“To think,” she said, “with that model, we intellectuals have waited nearly two thousand years for the aeroplane!”
According to plans made earlier in the day, a small shooting party left the Hall immediately after luncheon and did not return until late in the afternoon. Julian, therefore, saw nothing more of Catherine until she came into the drawing-room, a few minutes before the announcement of dinner, wearing a wonderful toilette of pale blue silk, with magnificent pearls around her neck and threaded in her Russian headdress. As is the way with all women of genius, Catherine’s complete change of toilette indicated a parallel change in her demeanour. Her interesting but somewhat subdued manner of the previous evening seemed to have vanished. At the dinner table she dominated the conversation. She displayed an intimate acquaintance with every capital of Europe and with countless personages of importance. She exchanged personal reminiscences with Lord Shervinton, who had once been attached to the Embassy at Rome, and with Mr. Hannaway Wells, who had been first secretary at Vienna. She spoke amusingly of Munich, at which place, it appeared, she had first studied art, but dilated, with all the artist’s fervour, on her travellings in Spain, on the soft yet wonderfully vivid colouring of the southern cities. She seemed to have escaped altogether from the gravity of which she had displayed traces on the previous evening. She was no longer the serious young woman with a purpose. From the chrysalis she had changed into the butterfly, the brilliant and cosmopolitan young queen of fashion, ruling easily, not with the arrogance of rank, but with the actual gifts of charm and wit. Julian himself derived little benefit from being her neighbour, for the conversation that evening, from first to last, was general. Even after she had left the room, the atmosphere which she had created seemed to linger behind her.
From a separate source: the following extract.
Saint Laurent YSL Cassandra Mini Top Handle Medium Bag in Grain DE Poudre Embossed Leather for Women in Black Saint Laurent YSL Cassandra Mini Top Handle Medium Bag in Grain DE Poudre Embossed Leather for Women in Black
“I have never rightly understood Miss Abbeway,” the Bishop declared. “She is a most extraordinarily brilliant young woman.”
Lord Shervinton assented.
“To-night you have Catherine Abbeway,” he expounded, “as she might have been but for these queer, alternating crazes of hers—art and socialism. Her brain was developed a little too early, and she was unfortunately, almost in her girlhood, thrown in with a little clique of brilliant young Russians who attained a great influence over her. Most of them are in Siberia or have disappeared by now. One Anna Katinski—was brought back from Tobolsk like a royal princess on the first day of the revolution.”
“It is strange,” the Earl pronounced didactically, “that a young lady of Miss Abbeway’s birth and gifts should espouse the cause of this Labour rabble, a party already cursed with too many leaders.”
“A woman, when she takes up a cause,” Mr. Hannaway Wells observed, “always seeks either for the picturesque or for something which appeals to the emotions. So long as she doesn’t mix with them, the cause of the people has a great deal to recommend it. One can use beautiful phrases, can idealise with a certain amount of logic, and can actually achieve things.”